Tuesday, October 1, 2013

What have we learned from Fukushima

Firstly, Fukushima was not an unavoidable natural disaster. For many outside Japan it is easy to draw the conclusion that Fukushima is unique, as very few places experience such huge earthquakes and tsunamis as Japan. So, the logic goes, there are no real lessons to be learned for other countries.

Much the same was said after the Chernobyl nuclear disaster in Ukraine in 1986. Chernobyl was a bad design, a similar accident could not happen in Japan, which has Western-designed reactors. But it did.
Prof Kiyoshi Kurokawa chaired the Japanese parliamentary inquiry in to the Fukushima disaster and his conclusions are devastating.
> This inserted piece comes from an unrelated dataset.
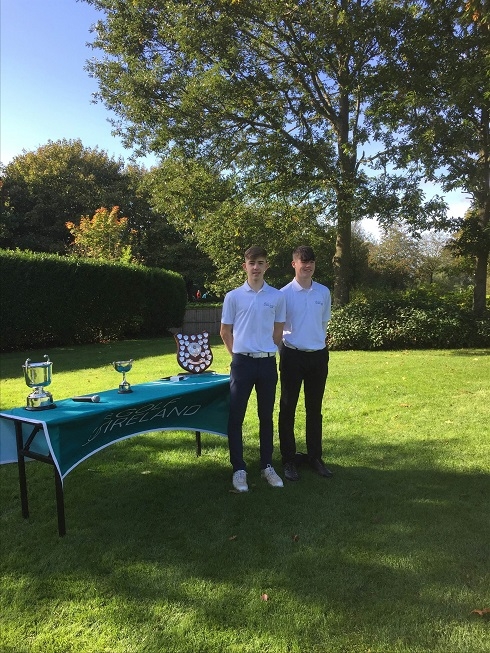 Tow males standing in garden next to trophies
It was, he told me: "Man-made, and made in Japan."
Tatsujiro Suzuki, the deputy head of Japan's Atomic Energy Commission, has also been damning.
"There were studies which showed a one-in-1,000-year probability of the Fukushima coast being hit by a 10m tsunami," he said. "Unfortunately, those studies were dismissed. The nuclear industry didn't think it would happen, so they didn't prepare for it," he said.

'Too trusting'
An investigation by Japan's NHK broadcaster last year found that simple equipment, things like mobile generators and battery packs that could have helped prevent the meltdowns, were sitting at a depot just 25 miles (40km) from the Fukushima plant.
After the tsunami knocked out the plant's electrical system there was still time to bring in the back-up equipment. Army helicopters were on standby. But there was no plan. Chaos ensued.
A senior company official in charge of logistics was asked by the NHK team why he had not dispatched the equipment. "We had a very long list of things they needed. We had no way to prioritise which should go first," he said.